Friday, June 13, 2014

Ordinary People

There are inexplicable things. 

On a warm spring day in my small town, a short and squat Asian woman waits by the bus stop. She is the personification of every National Geographics photo of Mongolian femininity. Only the yurt is missing. She wears a fur hat, and has a black eye. She is smiling, showing strong and even porcelain-white teeth, and she’s holding a McDonald’s Happy Meal.

A few minutes later, that very same morning, a tall, cadaverous man strides by dressed from head to toe in a grey sweat suit, the likes of which has not been seen since 1964. He wears a jaunty golf gap and strides purposefully forward, his head bobbing a good 12 inches forward of his knees. He is a human egret and I don’t understand why he does not pitch headfirst, a victim of his own momentum.

Sitting at an outdoor table at a sidewalk café, a man with a hole in his throat smokes a cigar. He is a neighborhood fixture, and for a decade at least has maintained this strange regimen. I have never seen his mouth, which is always covered by a soiled handkerchief. He places the cigar over the hole in his throat and inhales; he exhales through his nose. His eyes are rheumy and bloodshot; he coughs, dabs at the hole in his throat with a Kleenex, looks at his cigar, and repeats the procedure. This is a vision to scare small children, and every time I see him, I wonder what happened to this man and why. I discovered many years ago that he is mute. I suppose his vocal chords have been destroyed, a precursor of the fate of his remaining physiognomy.

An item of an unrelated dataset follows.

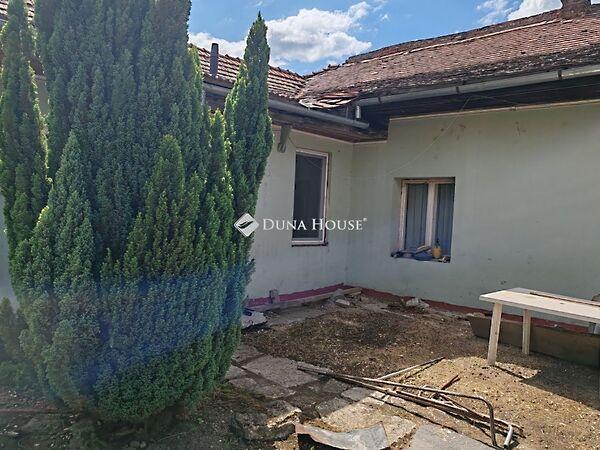 Kossuth Lajos, Pomáz képe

At the local coffee shop an elderly man’s voice rises as he talks on his cell phone; it’s hard not to overhear. He’s shouting to someone called Mary that he knows the difference between Belgian endives and watercress and he will bring home the latter, not the former, which he knows she dislikes, and yes, for God’s sake, he can be trusted to know which is which even if  Mary, obviously, does not believe him. “Good bye!” he yells, then looks guiltily around. At least a dozen customers have heard the argument. He frowns and bullies his morning bagel.

Later that afternoon I run into Mary, a homeless woman who speaks fluent if accented French. Mary lives at the Quarry Motel, a guest of the state and of the county, and the better part of her day is spent in front of a local Starbucks nursing a large cup of decaf.  Mary’s hair is dyed a deep and glossy black with blue overtones and her mouth is a slash of scarlet. She can be angry or kind, and occasionally a mixture of both. I know her story because a couple of winters ago, I gave her rides home during the worst of the cold, and she rewarded me with a threadbare blue scarf she pulled out of a plastic bag. She said it was my color, and strangely enough, it is.

Mary says she was the wife of an Army general who dumped her for his secretary, long enough ago that Mary had no legal protection. Today, she would. Back then, the military did not concern itself with the former wives of officers, and she found herself without income or home. She worked in the glove aisle of Garfinckel’s and lived at her sister’s house until alcohol got the best of her and the sister died.  She was fired for cursing at a customer while under the influence, and luckily this was the same month her Social Security kicked in.

Mary speaks French, passable Italian, and Korean--fairly decently, I was told. She served in the American Embassy in Seoul with her military husband, whom, she will tell anyone listening was an evil sonofabitch who screwed anything in skirts but refused to give her children.

Mary’s days are numbered, I suspect. She has taken on the florid hue of a street drunk and when I saw her, she wore the fruity reek of a cheap wine drinker. She’s unsteady on her feet and her two top incisors are gone, leaving a cavernous black inch-long gap in her teeth. I guess she’s given up going to AA meetings.

Some years ago, she was commended by a local sober house for the imaginative sculpture she created in the front yard. It was a kinetic thing of bicycle wheels, tins cans stripped of labels, and sheet metal cut and bent in the shape of angels’ wings.

The local paper ran a picture of it on its front page, and a week later the neighbors got a court order to take it down. Mary disassembled her creation carefully and when the complaining neighbors were gone on vacation, buried it in their backyard.